= Department of Civil Aviation (Thailand) =

The Department of Civil Aviation (DCA; กรมการบินพลเรือน) was a government department of Thailand from 2009 to 2015. Founded in 1933 as a bureau under the Ministry of Commerce's Department of Transport, it was elevated to department status under the new Ministry of Transport in 1963, and was originally called the Department of Commercial Aviation. It was renamed the Department of Air Transport in 2002, before becoming the Department of Civil Aviation in 2009. The department's responsibilities included prescribing, regulating, and auditing Thai civil aviation, as well as the management of Thailand's government-owned civil airports (not including the main international airports operated by the state enterprise Airports of Thailand PCL).

In October 2015, as part of restructuring in response to the ICAO's downgrading of Thailand's aviation safety rating, the DCA was split into two separate entities, the Civil Aviation Authority of Thailand (CAAT), which will conduct aviation regulatory oversight, and the Department of Airports, which will operate airports previously operated by the DCA.
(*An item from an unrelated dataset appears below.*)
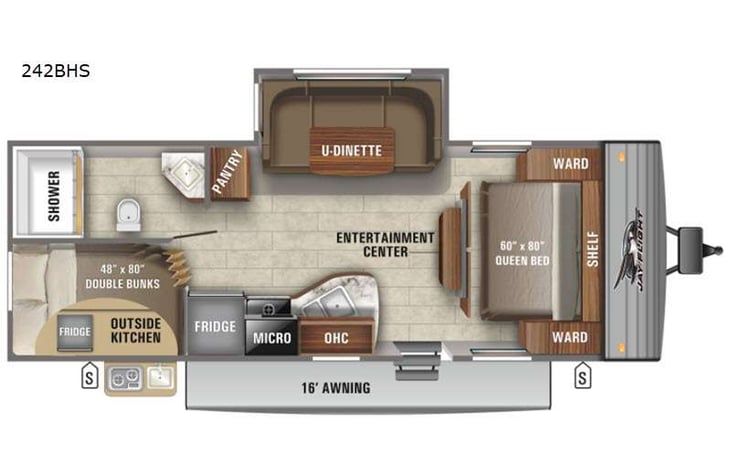 Representative floor plan provided by a trusted RVshare partner.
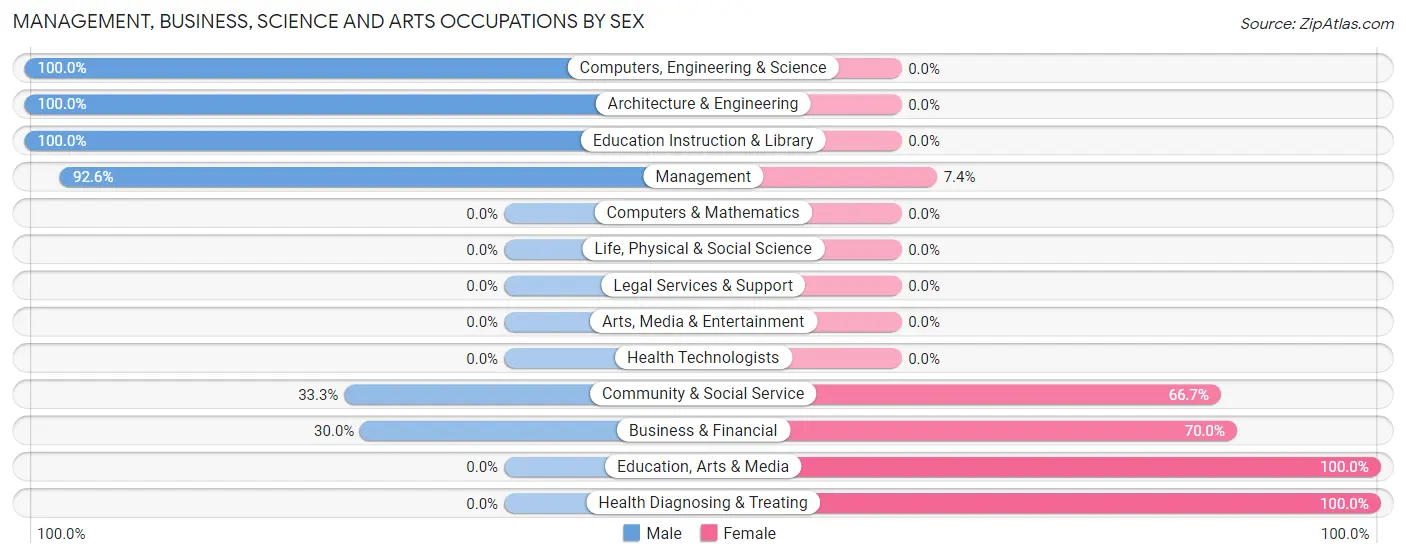 Management, Business, Science and Arts Occupations by Sex in Rome borough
==2015 ICAO safety downgrade==
In March 2015, the International Civil Aviation Organization's (ICAO) rejected a safety plan put forward by the DCA, which was submitted to ward off an imminent aviation safety downgrade. In January 2015, ICAO had carried out an audit and found serious gaps in safety standards at some Thai budget airlines. "The audit found that the Department of Civil Aviation had overlooked many regulations for the low-cost airlines," said one source. "Simple things like having airline manuals at ground offices, making sure you have two planes ready to relieve mechanical errors were all lacking". The ICAO said it would formally downgrade Thailand's safety ranking in early-June 2015 if the DCA were unable to fix the deficiencies by then. If safety is downgraded, all airlines registered in Thailand, including major carriers like Thai Airways would face possible bans on new routes. Existing routes would continue as normal. Japan and South Korea have already responded to the possible downgrade by banning requests for future flight plans and banning all charter flights from Thailand-registered companies. A source within Thai Airways criticized the Department of Civil Aviation, "Their lack of attention to detail is costing us all,..."
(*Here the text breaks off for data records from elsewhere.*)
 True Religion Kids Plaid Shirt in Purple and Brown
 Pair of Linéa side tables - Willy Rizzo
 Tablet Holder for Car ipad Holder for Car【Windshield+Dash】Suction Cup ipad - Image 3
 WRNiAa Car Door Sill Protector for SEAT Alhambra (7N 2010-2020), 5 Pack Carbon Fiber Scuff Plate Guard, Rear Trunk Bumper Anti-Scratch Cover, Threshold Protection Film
On 2 April 2015, a Thai civil aviation delegation journeyed to Seoul to attempt to deflect Korean sanctions. They failed to convince the Koreans. Three Thai charter carriers will not be permitted to fly to Korea in April. About 10,000 passengers will be affected. Japan had earlier granted Thailand a reprieve on sanctions, in effect allowing Thai charter carriers to continue to fly to Japan over the heavy 11 April–31 May travel season.

The ICAO assesses, among other things, personnel licensing and training, airworthiness assessment and certification, accident investigation, and airline operations oversight. The DCA is responsible for granting operating licenses to airlines operating in Thailand. Among the ICAO's concerns is that the DCA has issued operating licences to 22 airlines in just nine months. To date (March 2015), the DCA has issued operating licences to 70 scheduled and charter airlines. Sixty-one are still operational. Of these, 41 of are charter flight operators.
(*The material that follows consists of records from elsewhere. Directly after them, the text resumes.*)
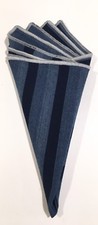 Pocket Square Blue Striped With Gray Stitched Border By Squaretrapny.com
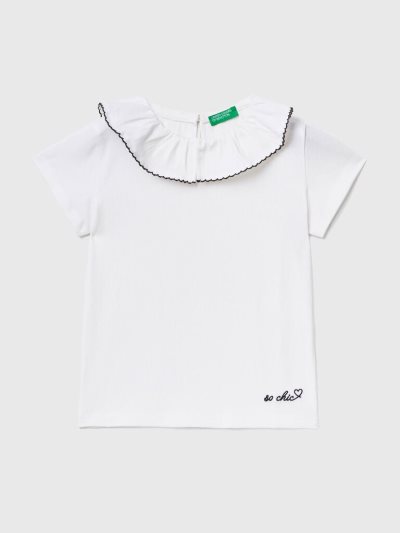 Benetton Ruffle Collar Short Sleeve T-shirts Kinderen Wit | BE355030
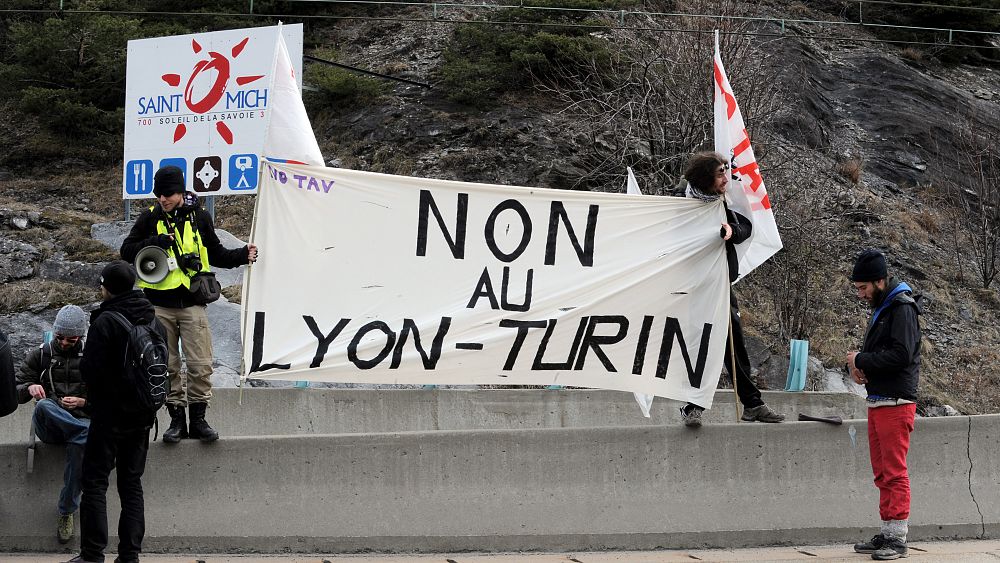 Violent clashes erupt over Lyon-Turin rail link in French Alps.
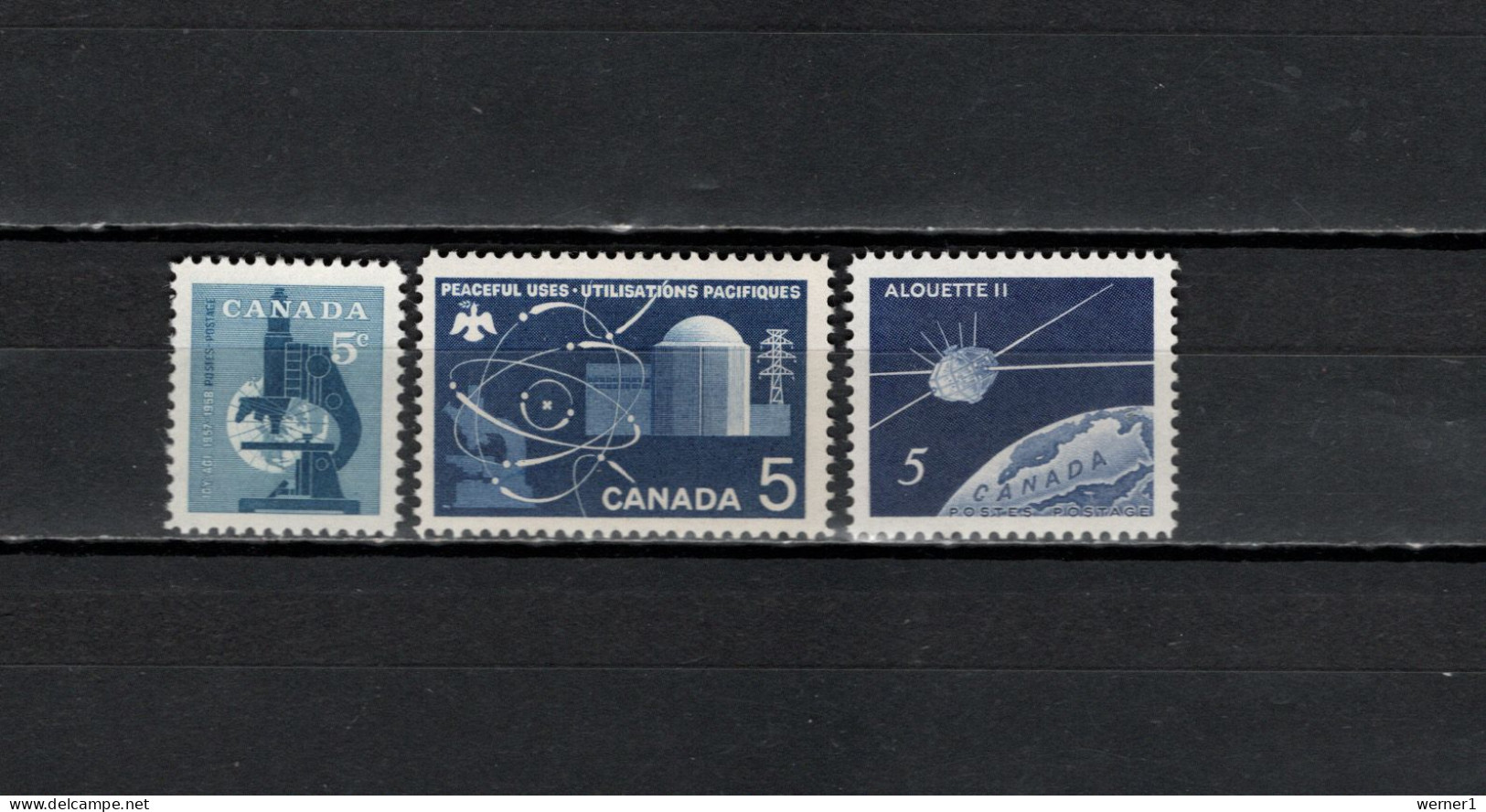 Canada 1958/1966 Space, Int. Geophysical Year, Alouett II Satellite, Nuclear Power 3 Stamps MNH - América Del Norte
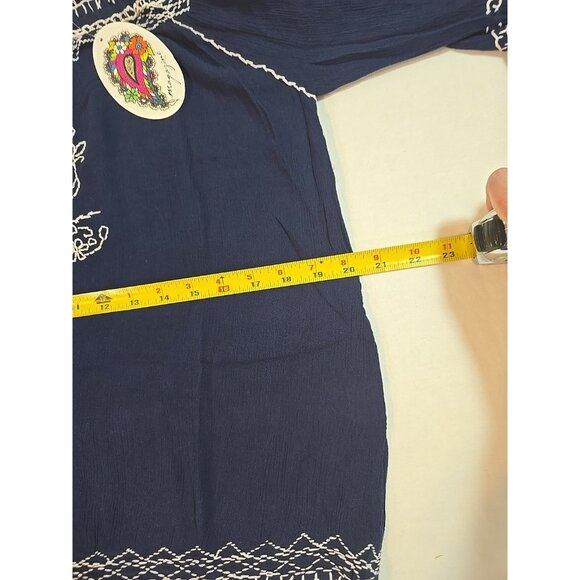 Embroidered boho top by Magazine Tassel tie front 100% Cotton Size M New - Picture 16 of 16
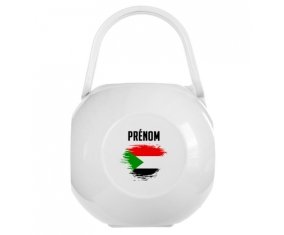 Boîte à sucette Drapeau effet pinceau Soudan avec prénom de couleur Blanche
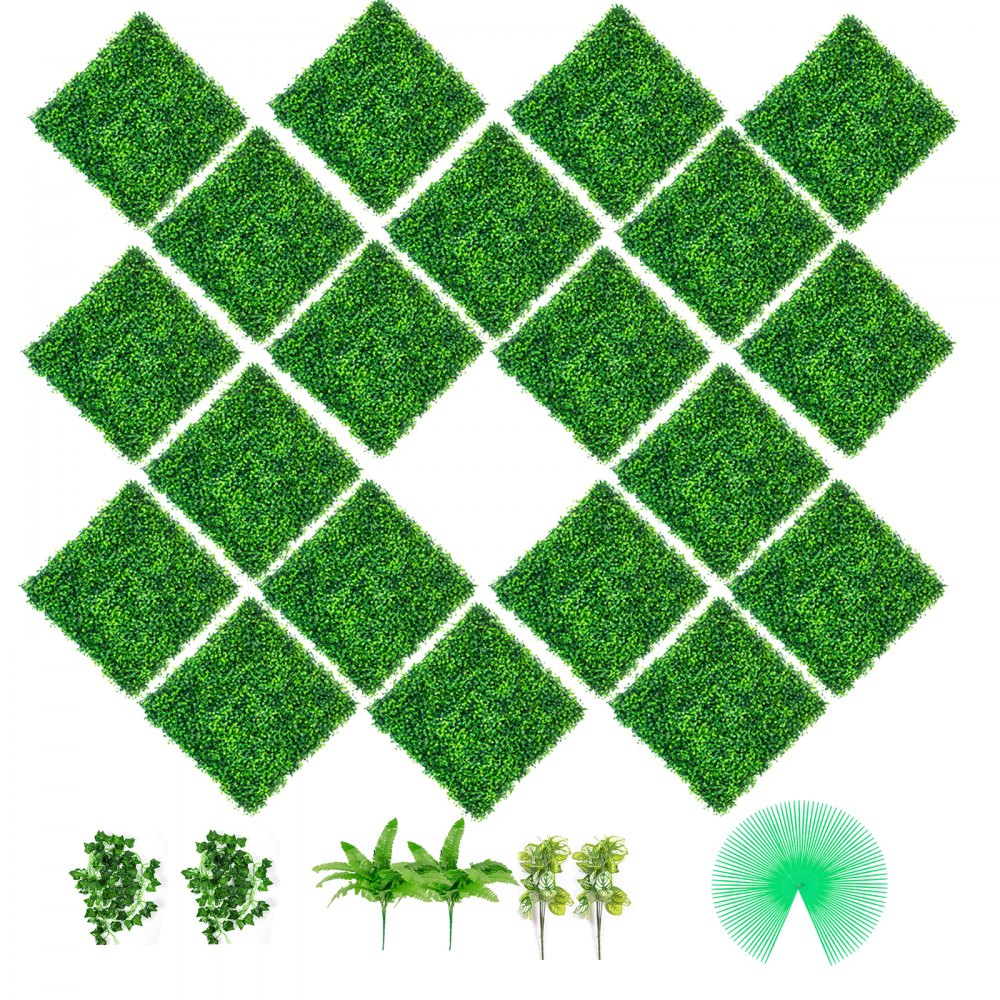 VEVOR Artificial Boxwood Panels, 20 PCS 20"x20" Boxwood Hedge Wall Panels, PE Artificial Grass Backdrop Wall 1.6", Privacy Hedge Screen for Decoration of Outdoor, Indoor, Garden, Fence, and Backyard - ML202020PC400OWRLV0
The prime minister, Gen Prayut, blamed the issue on understaffing, noting that the DCA has only 13 aviation safety inspectors. The DCA employs 1,514.

On 20 April 2015, Transport Minister Air Chief Marshal Prajin Juntong announced that Thailand would be unable to meet the ICAO's June deadline. "It is taking longer than we expected," ACM Prajin told reporters. "Our effort may be completed as late as mid-July 2015." Prime Minister Gen Prayut Chan-o-cha had said earlier that he would invoke emergency powers to "swiftly solve" Thai safety shortcomings. ICAO requirements, at minimum, will necessitate the writing and publication of an aviation safety manual by mid-year and, once that is done, the recertification of 41 airlines—28 foreign and 13 Thai—operating in Thailand.

In May 2015, the DCA announced that it will ask the US Federation Aviation Administration (FAA) to postpone its July 2015 inspection of Thai civil aviation operations until Thailand has tackled all the major safety concerns raised by the International Civil Aviation Organisation (ICAO).